Buscando la grandeza en la democracia, se sublevó contra las instituciones de su país. Buscando la grandeza en el imperio, se benefició de un golpe de Estado. Buscando la grandeza en el capitalismo, rompió la unidad cultural de su país. Buenas intenciones, sin duda; pero de buenas intenciones el Infierno está lleno.

Tampoco fue el primero, ni el único. Churchill tuvo calidad literaria e imaginación en medida aún mayor que de Gaulle. Toda su vida se llenó la boca y las páginas de su Rey, su Imperio y su honor. Sin embargo, vivió cambiando una y otra vez de partido, sacrificando vidas a sus ocurrencias y renunciando ora a la autoridad y poderes residuales del rey, ora a la unidad del Imperio, ora a su independencia real. Como De Gaulle, terminó sentando las bases de un Estado que cifra su identidad en la democracia -sólo- y su éxito en la riqueza, versión capitalista -sólo o con decoración social.
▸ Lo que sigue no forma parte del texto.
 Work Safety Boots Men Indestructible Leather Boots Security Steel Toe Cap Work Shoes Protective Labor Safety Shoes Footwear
Y como De Gaulle, ese Estado, secundario en el mundo del siglo XXI, tiembla cuando se plantea un retroceso económico o demográfico, o cuando se entrevén las consecuencias de una inmigración en masa, necesaria para una cierta economía pero incompatible con la identidad profunda de sus tierras.

¿Son De Gaulle o Churchill unos fracasados? Sin duda, no lo fueron al menos en partes de sus vidas. Pero a largo plazo, sembraron las bases de la ruina de lo que ellos mismos dijeron defender. Prefirieron éxito a corto plazo y cerraron los ojos a lo que ha venido después. Si uno acepta que la identidad de su nación sea sólo la democracia y los derechos del hombre, no podrá negar la secesión de sus partes, ni la independencia de sus posesiones. Si uno cifra el éxito en las cuentas, no puede lamentar que haya rebeldes   populistas cuando el bienestar queda en duda. Y si trae millones de personas con otra identidad por razones económicas, no puede permitir que conservando su identidad ahoguen la del país. 
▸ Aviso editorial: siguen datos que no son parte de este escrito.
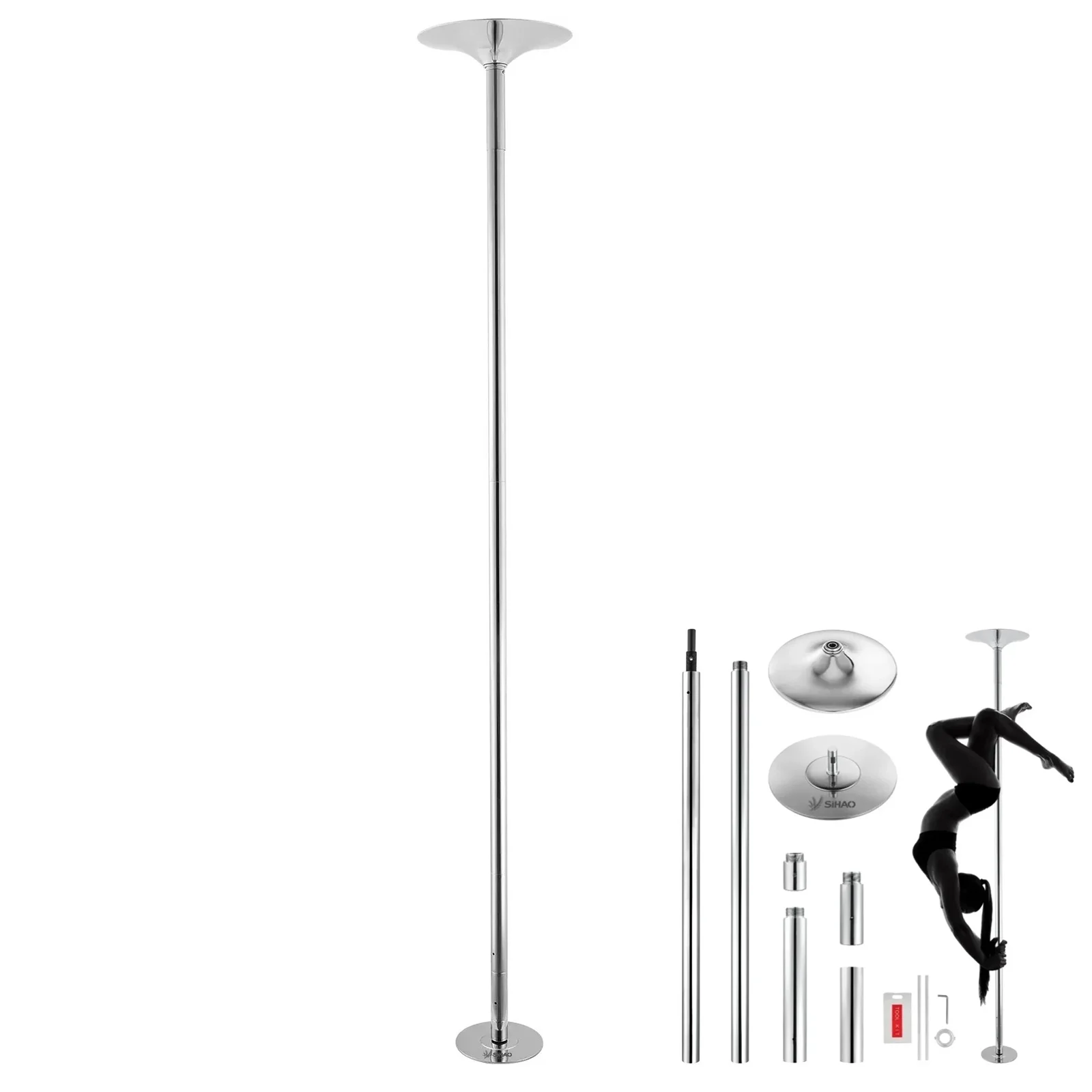 Professional Dancing Pole|SIHAO Pole Dance Pole Spinning Static Mode 45mm Stainless Steel Height Adjustable Portable for Home Gym Pole Fitness Beginners Pros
Y bien, no puedo evitarlo: lo que prefiero de Bayeux es el tapiz, y el recuerdo de la identidad europea real y profunda, hoy en verdadero peligro. Mucho más que el recuerdo de unos hombres que, en homenaje a su propia grandeza, negaron la de sus países o la definieron de un modo cuyo precio tenemos que pagar hoy. Elevarlos a modelos quizá fue inevitable en 1945. Hoy no lo es, y cuando haya una generación de políticos convenientemente alfabetizada será bueno que reflexionen sobre estas cosas.